Assigned task
What is needed is an exact copy of the whole listing below, with no pictures.

Collected material
___
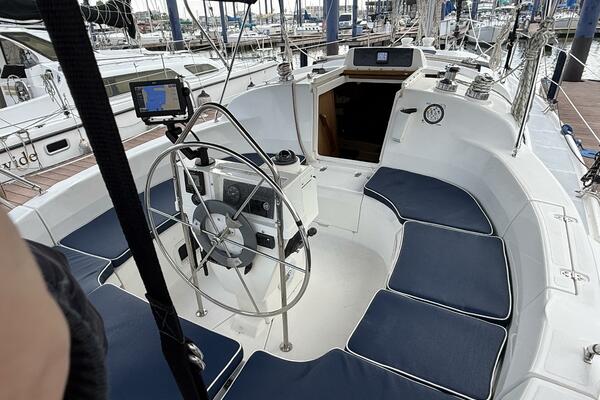 Treinta y Tres 33ft Hunter Yacht For Sale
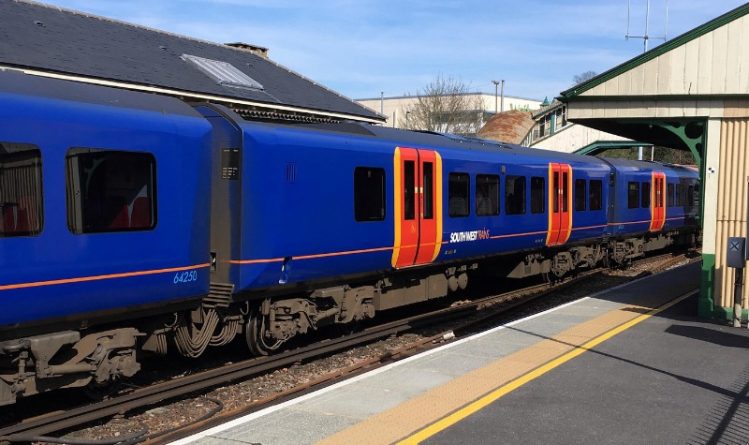 Путешествия: Из-за жары поезда в Британии будут двигаться с меньшей скоростью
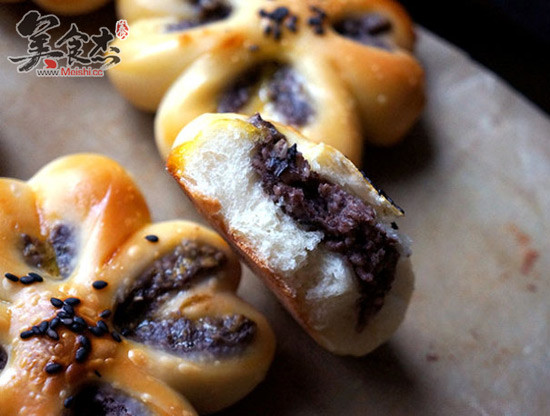 Four-leaf Clover Bread Stuffed with Bean Dregs recipe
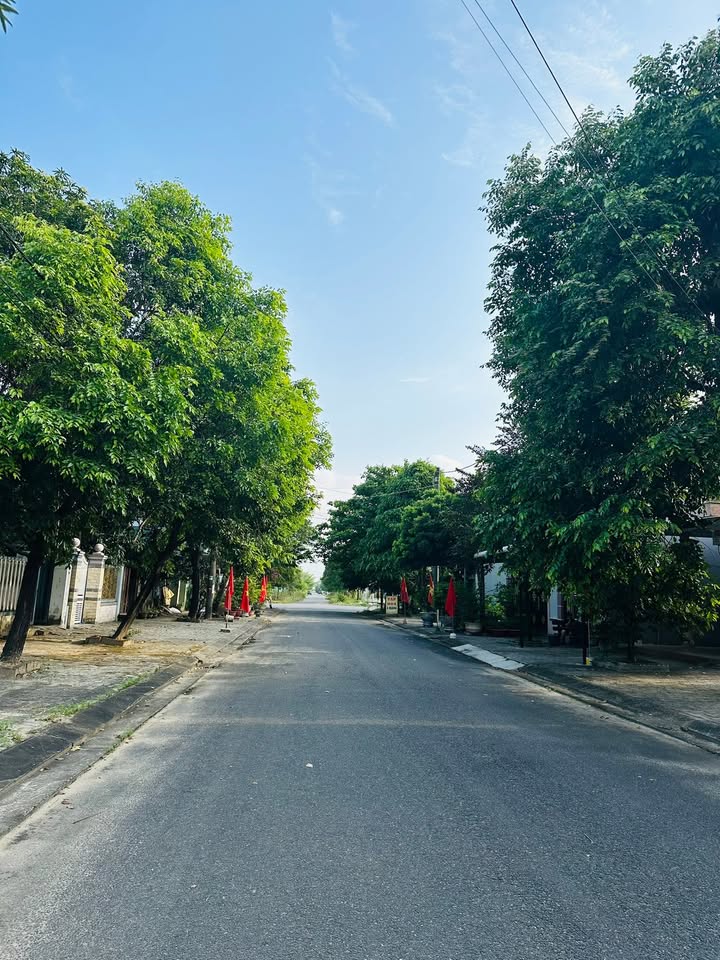 Đất KĐT 1A Điện Bàn 138m² - Sổ Đỏ Sẵn Sàng - Giá Rẻ Nhất!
___
Written solution
 Treinta y Tres 33ft Hunter Yacht For Sale
 Путешествия: Из-за жары поезда в Британии будут двигаться с меньшей скоростью
 Four-leaf Clover Bread Stuffed with Bean Dregs recipe
 Đất KĐT 1A Điện Bàn 138m² - Sổ Đỏ Sẵn Sàng - Giá Rẻ Nhất!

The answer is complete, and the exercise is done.